Exercise description: Give back every entry exactly; drop the pictures.

Exercise material:
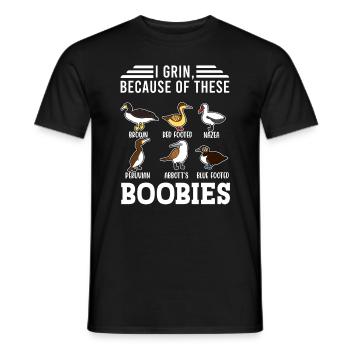 Funny Booby Seabirds Collection - Men's T-Shirt - black - Front - AI Model Male 178 light (178cm)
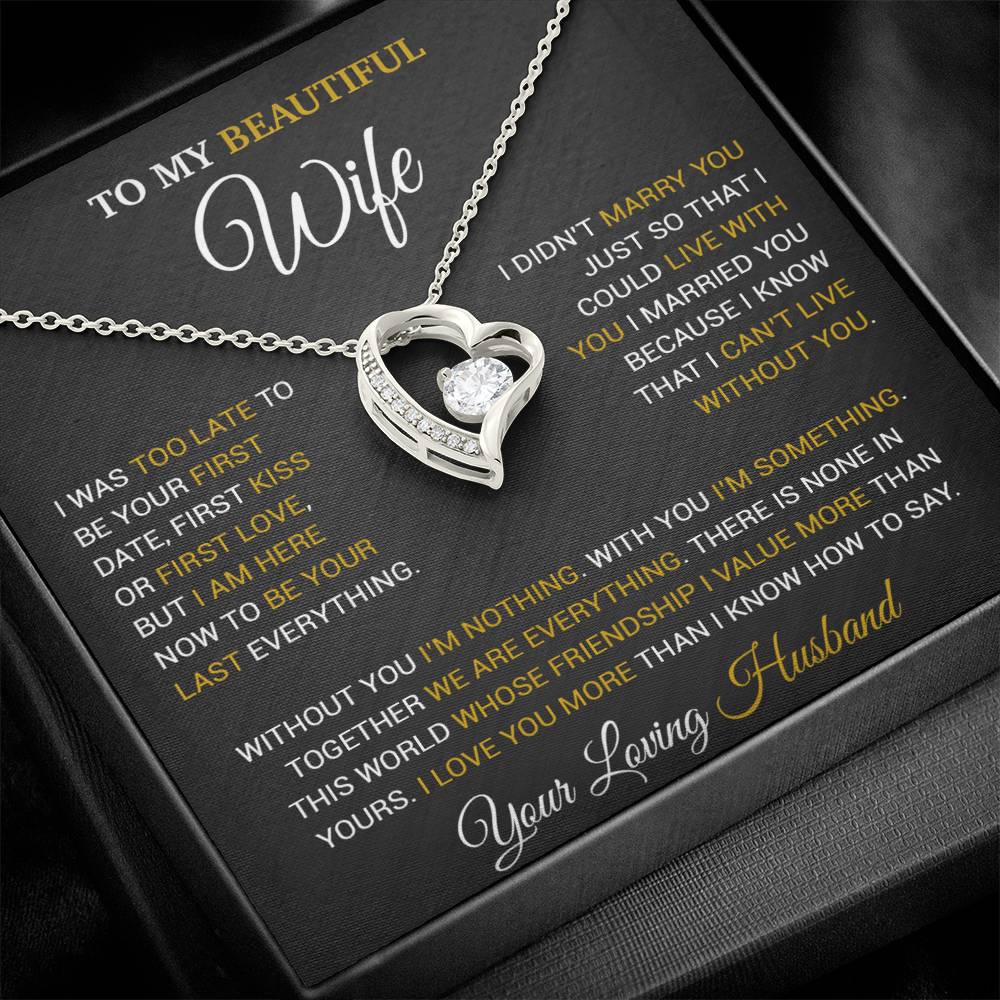 To My Wife Necklace, Christmas Gifts For Wife, Anniversary Cute Gift For Wife 9_9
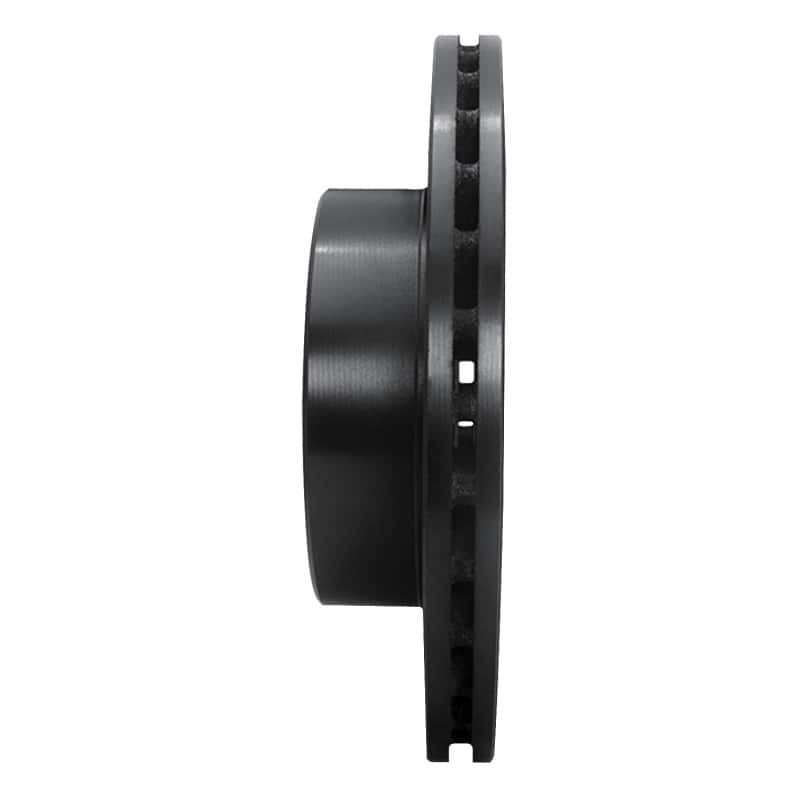 R1 Concepts — R1 83-89 Chrysler Conquest Front Left Drilled & Slotted Black Brake Rotor
R1 Brake Rotor Drill - view 3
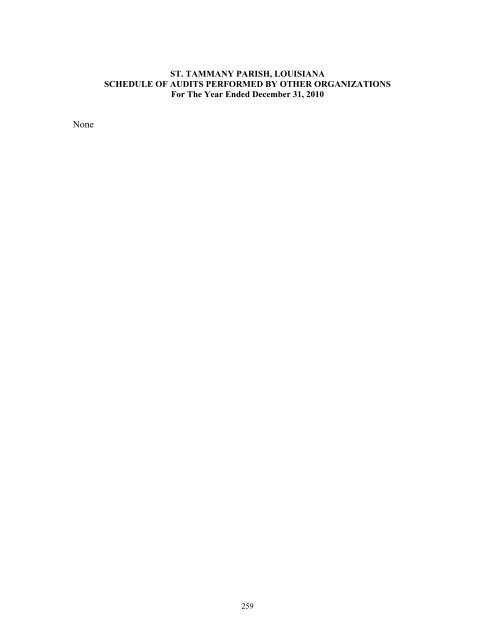 Comprehensive Annual Financial Report - St. Tammany Parish ...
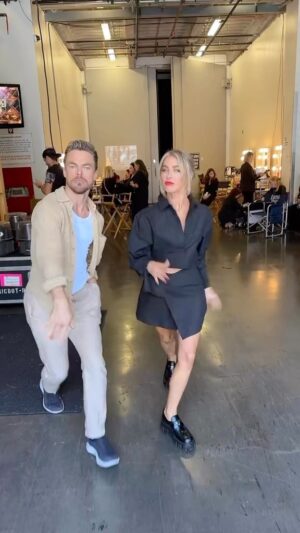 Derek Hough Instagram - We’re back in the ballroom TONIGHT!! @dancingwiththestars @juleshough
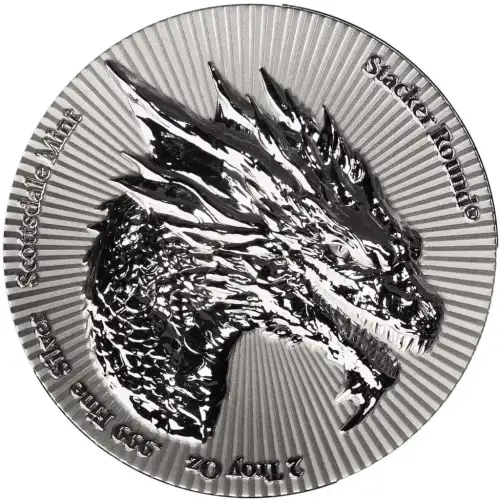 2 oz Scottsdale Dragon Stacker .999 Silver Round  (2)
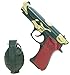 Price comparison product image Toyland® Army Style Hand Grenade & Pistol With Light & Sound Toy Weapon Set - Role Play - Fancy Dress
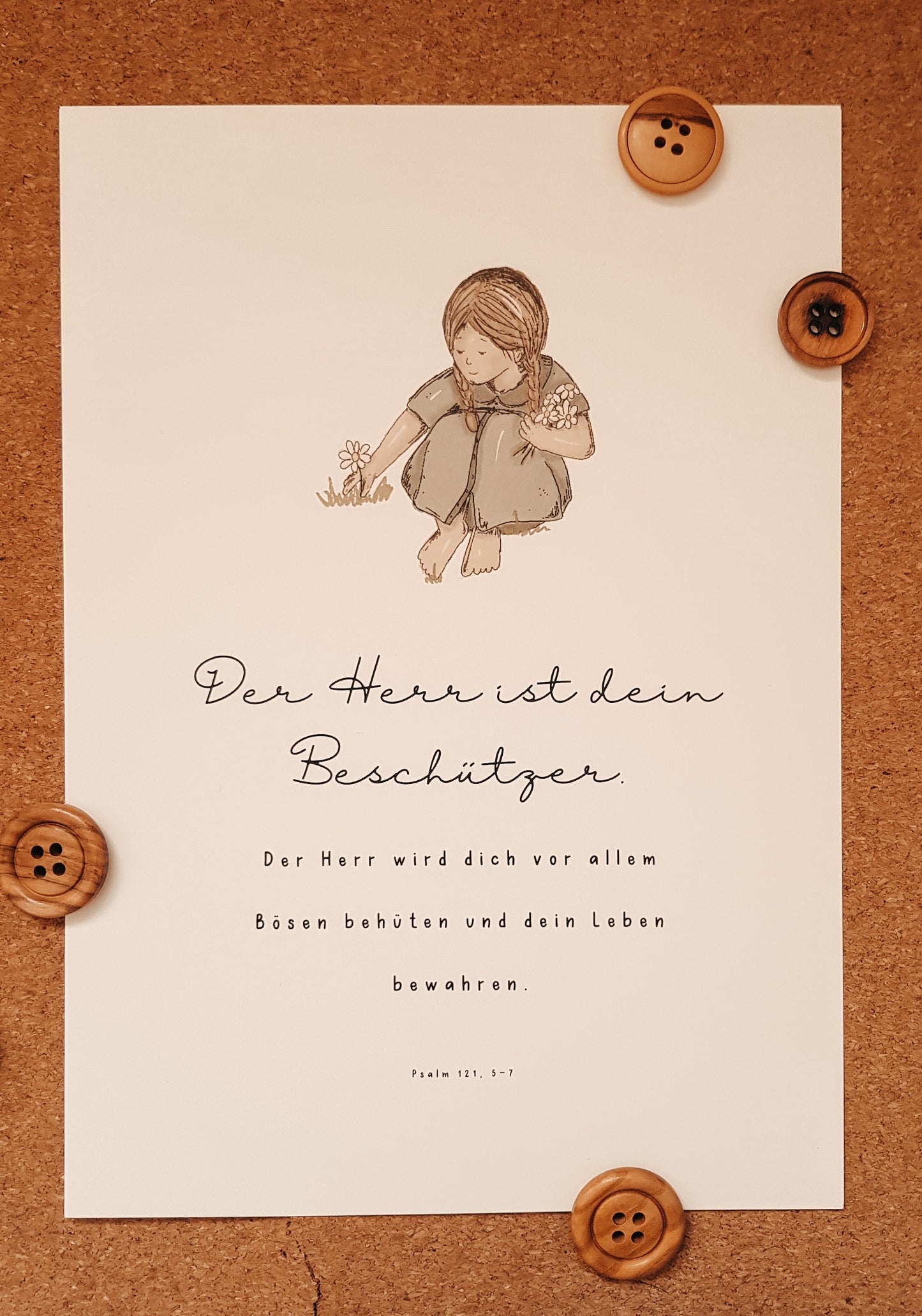 Poster “Segenswunsch Mädchen”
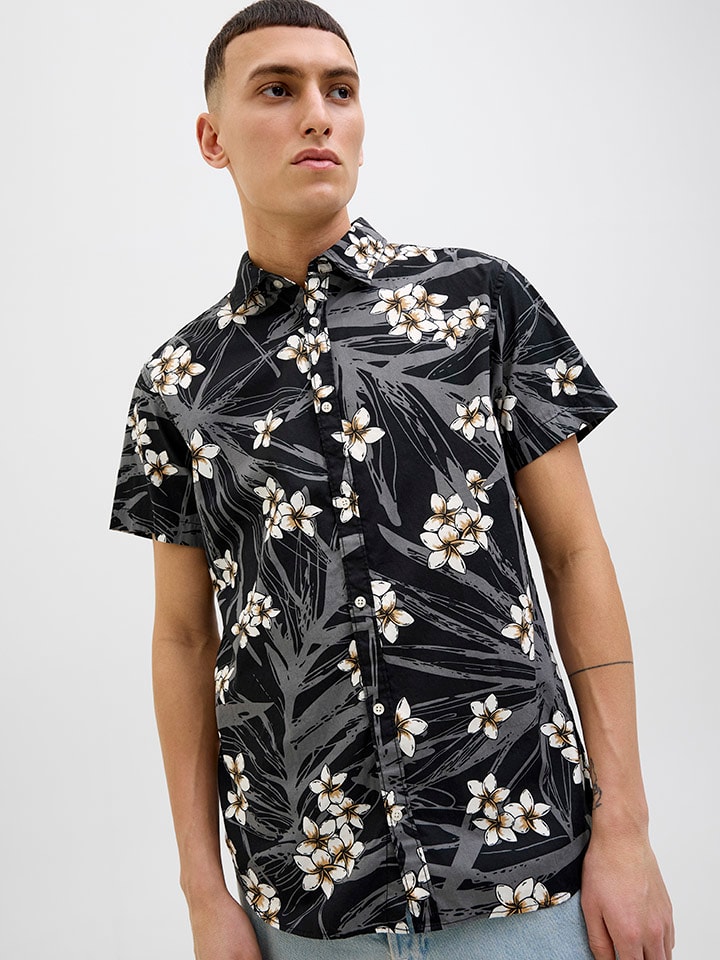 Jack & Jones Hemd - Regular fit - in Schwarz günstig kaufen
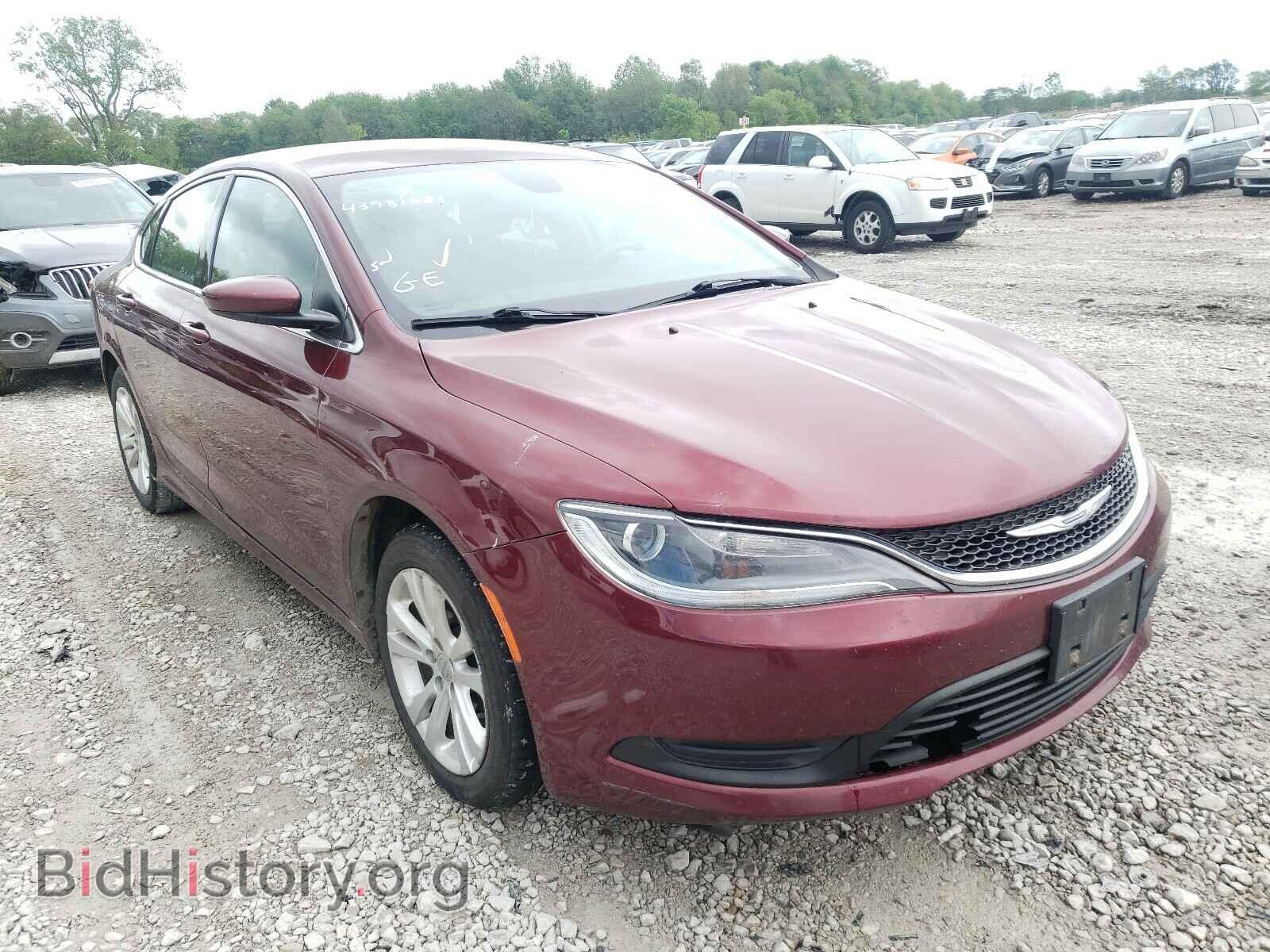 Фотография 1C3CCCFB4GN194239 - CHRYSLER 200 2016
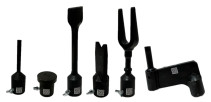 Комплект выколоток для Динамической кувалды (6 шт: зауженная 9 мм, грибок 45 мм, лопатка, прямая плоская, вилка, разноосная)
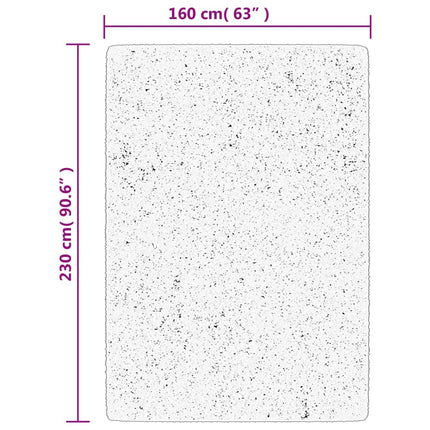 Matta OVIEDO kort lugg turkos 160x230 cm
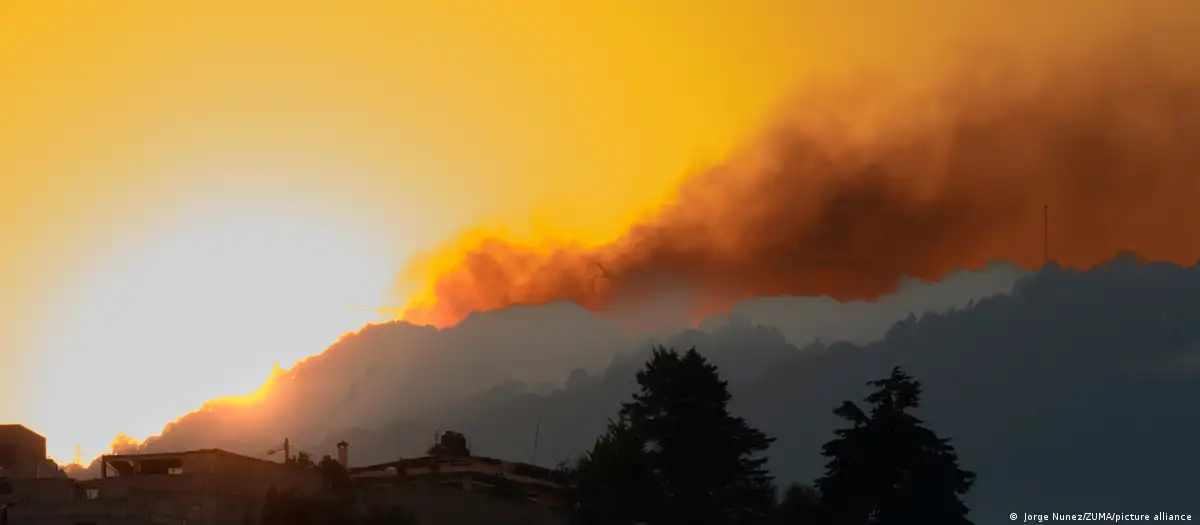 Incendio forestal en México. Foto: DW.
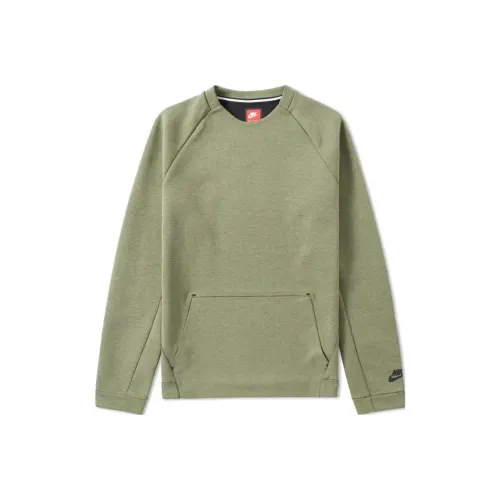 Nike Армейский зеленый Мужской Свитшот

Written response:
 Funny Booby Seabirds Collection - Men's T-Shirt - black - Front - AI Model Male 178 light (178cm)
 To My Wife Necklace, Christmas Gifts For Wife, Anniversary Cute Gift For Wife 9_9
 R1 Concepts — R1 83-89 Chrysler Conquest Front Left Drilled & Slotted Black Brake Rotor
R1 Brake Rotor Drill - view 3
 Comprehensive Annual Financial Report - St. Tammany Parish ...
 Derek Hough Instagram - We’re back in the ballroom TONIGHT!! @dancingwiththestars @juleshough
 2 oz Scottsdale Dragon Stacker .999 Silver Round  (2)
 Price comparison product image Toyland® Army Style Hand Grenade & Pistol With Light & Sound Toy Weapon Set - Role Play - Fancy Dress
 Poster “Segenswunsch Mädchen”
 Jack & Jones Hemd - Regular fit - in Schwarz günstig kaufen
 Фотография 1C3CCCFB4GN194239 - CHRYSLER 200 2016
 Комплект выколоток для Динамической кувалды (6 шт: зауженная 9 мм, грибок 45 мм, лопатка, прямая плоская, вилка, разноосная)
 Matta OVIEDO kort lugg turkos 160x230 cm
 Incendio forestal en México. Foto: DW.
 Nike Армейский зеленый Мужской Свитшот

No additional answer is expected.